O debate foi alargado depois ao público e o diretor de comunicação do Benfica defendeu também “que se trata de um espaço de promoção do jogo – é óbvio que se estivesse na posição da Rita Latas ou do Tiago Peres Costa faria aquelas perguntas, porque o faria como jornalista, mas entendo que aquele espaço é muito próprio”. E sobre a pressão de um final de jogo, deu o exemplo de Lewis Hamilton, quando há uns meses lhe tiraram, “numa decisão errada, o Mundial, no final, logo depois de tirar o capacete, como é norma na F1, teve que dizer umas palavras e nas quais deu os parabéns ao adversário sem acrimónias”. Santos Neves teve oportunidade de defender a sua posição de clareza: “Os jornalistas não devem participar nas flashes, porque aquilo não é jornalismo, ponto. O Código Deontológico dos Jornalistas não permite aquilo, o espaço é publicitário, o jogador e o treinador estão ali forçados. Façam a flash interview mas não deve estar ali um jornalista. Porque senão entram num pântano em que um Conselho qualquer lhes abre um processo por fazerem perguntas. É inadmissível!”.

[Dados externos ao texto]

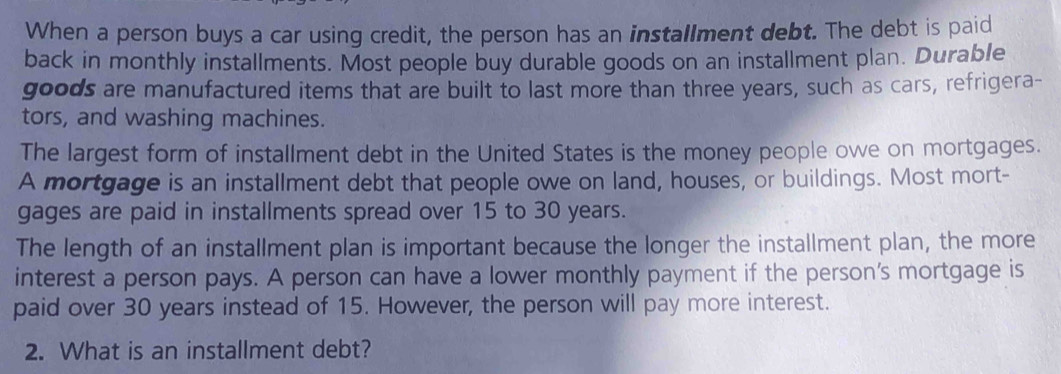 When a person buys a car using credit, the person has an installment debt. The debt is paid 
back in monthly installments. Most people buy durable goods on an installment plan. Durable 
goods are manufactured items that are built to last more than three years, such as cars, refrigera- 
tors, and washing machines. 
The largest form of installment debt in the United States is the money people owe on mortgages. 
A mortgage is an installment debt that people owe on land, houses, or buildings. Most mort- 
gages are paid in installments spread over 15 to 30 years. 
The length of an installment plan is important because the longer the installment plan, the more 
interest a person pays. A person can have a lower monthly payment if the person’s mortgage is 
paid over 30 years instead of 15. However, the person will pay more interest. 
2. What is an installment debt?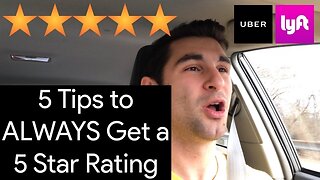 7 Tips to ALWAYS Guarantee a 5 Star Rating as an Uber Driver & Lyft Driver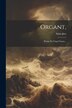 Organt by Saint-just, Paperback | Indigo Chapters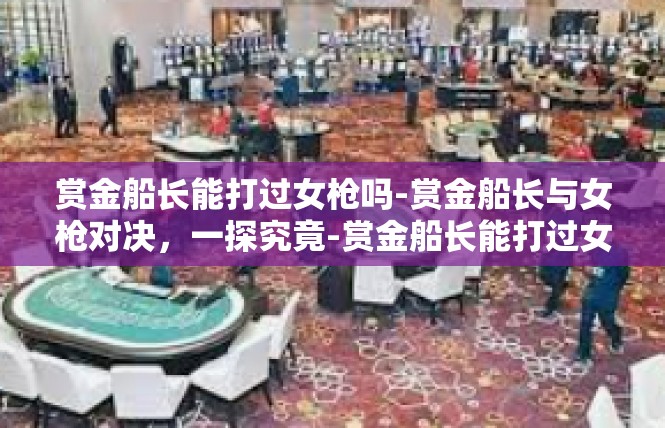赏金船长能打过女枪吗-赏金船长与女枪对决，一探究竟-赏金船长能打过女枪吗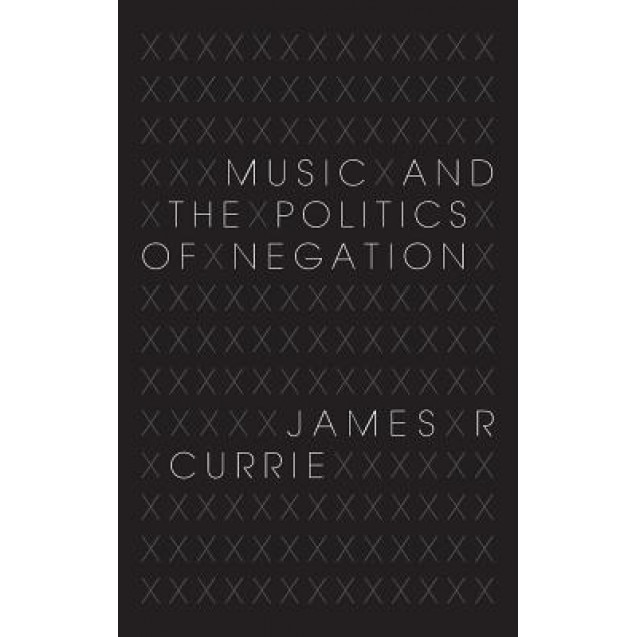 Music and the Politics of Negation, James R. Currie (Author)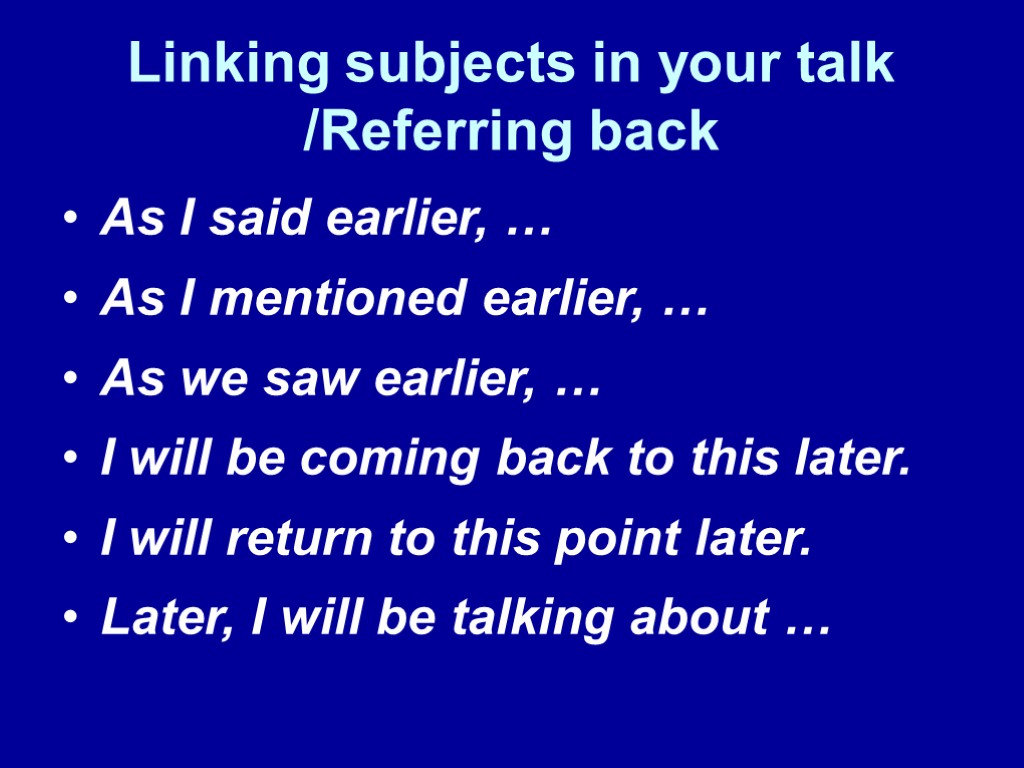 Linking subjects in your talk /Referring back As I said earlier, … As I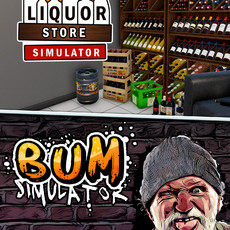 Liquor Store Simulator & Bum Simulator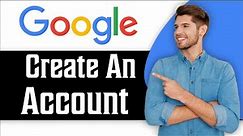 How to Create a Google Account in 2024 | Google Account Tutorial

Ainda sobre o processo que a FPF abriu e fechou à jornalista Rita Latas disse que “foi um processo puramente político, que se abriu, se disse à Comissão de Instrutores o que deviam fazer e depois se fechou no dia seguinte a ser aberto”, defendeu ainda que os jornalistas devem perceber que estão dentro de uma indústria. “Nós não temos Imprensa desportiva, temos Imprensa de futebol porque mais de 80% do que publicam é sobre os três grandes e esse foi um dos problemas dos jornais. E quanto melhor for essa indústria, quanto mais dinheiro ganhar, isso também dá mais dinheiro aos jornais”.
Manuel Queiroz chamou a atenção de que os jornalistas “não promovem coisa nenhuma – o futebol português, nomeadamente, chegou onde chegou também porque teve um Jornalismo verdadeiro, que soube apontar o que estava mal e o que estava bem, que foi capaz de ser exigente e de estar atento ao que não vai no melhor caminho”.
Ao prof. Thiago Santos coube a tarefa de finalizar a sessão com as conclusões, salientando a pertinência do debate até para os alunos e concluiu que, apesar das posições divergentes apresentadas e de ser um problema multidisciplinar, se apontar na direção de a flash interview ser mais um espaço de comercial de promoção do jogo em que o Jornalismo pode ter lugar mas sob condições.